Essentially, it’s the average revenue from a single purchase.  

While you may not reference AOV as often as customer acquisition or retention in the conversation of revenue growth, it’s every bit as important.  

As we mentioned, if your CAC exceeds your AOV, then customer retention is necessary just to break even.  

But fortunately, you can influence each of these metrics – CAC, AOV, and retention.  

The key to increasing your average order value is creating more value for the customer while they’re shopping. As Nick articulates, prolong the purchase journey.  

This idea, too, comes back to the on-site experience.
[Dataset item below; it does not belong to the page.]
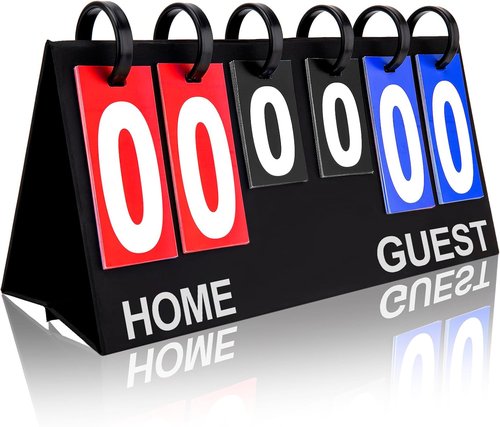 Flip Scoreboard - Portable Tabletop Score Keeper for Football, Basketball, Tennis | 6-Digit Outdoor Scoreboard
You should design your website so that products are not isolated and the purchase experience isn’t cut short.  

It should be easy for shoppers to picture a product and envision using it along with other products. Look-books and product recommendations are great for this very purpose.  

These tactics work to encourage cross-selling and up-selling, both of which increase the AOV.  

But when the shopper is ready to check out, the objective shifts entirely.  

Prolong the purchase experience until the shopper reaches their cart, then optimize the flow to purchase.  

In addition, purchase data can highlight relationships between products so you can make better product recommendations to your shoppers.  

Here, we see the number of transactions that contained possible product combinations for a women’s athletic apparel brand.  

But of course, each product has its own sales volume. So, if there are two products with high volumes, you would expect that they’re commonly purchased together. That doesn’t make the product pairing remarkable.  

Fortunately, there’s an entire analytical topic devoted to this premise called market basket analysis. But for our purposes, we’ll only touch upon the key metrics that come with it.  

Essentially, each metric captures a different part of the picture, a different angle of product relationships.  

Support is the percentage of total orders that contain both Product A and Product B.  

Confidence is the percentage of orders of Product A that also contained Product B. More or less, demonstrating how common the pair is considering the purchase volume of one of the products.  

Lift is the percentage of orders that contained both products, divided by the percentage of orders that contained Product A, times the percentage of orders that contained Product B.  

Lift is more complex as a metric, but it reflects how remarkable a product pair is considering the purchase volumes of each product it contains.  

Notice that lift emphasizes entirely different product combinations than a straightforward count of purchases. These products don’t have the advantage of high sales volumes but are still significant product pairs.  

Each metric highlights product pairings from a slightly different angle. They enable you to create more informed look-books and on-page product recommendations.  

Regardless, the objective here is to increase the average order value. If shoppers spend more per transaction, holding acquisition and retention constant, you’ll see a direct increase in revenue.

Incorporate Returns

We’ve covered a lot of ground so far. But it’s important not to exclude returns from this discussion.  

As you may know, returns are a part of business in e-commerce.  

Return rates often hover between 15% and 30% among online retailers. That means a sizable percentage of your sales revenue is coming back to you as returns.  

Of all returned products, less than half resell at full value.  

It’s critical to have an effective return management mechanism in place to help you handle the logistical and customer-facing challenges that returns create.  

The truth is, return management is a profit center, as well.  

Keep in mind 40% of your shoppers have returned a product by their 3rd purchase.  

Returns impact the customer experience – a better return process means happier shoppers and higher customer lifetime value.  

Concluding Thoughts

Over 20 years ago, Jeff Bezos theorized how to scale an e-commerce business effectively.  

There’s no magic wand, no silver bullet. But these fundamental components provide a comprehensive framework for you to increase your revenue and mechanize growth for your business.  

Ultimately, the goal in e-commerce is to create value for shoppers. In doing so, they will create value for you.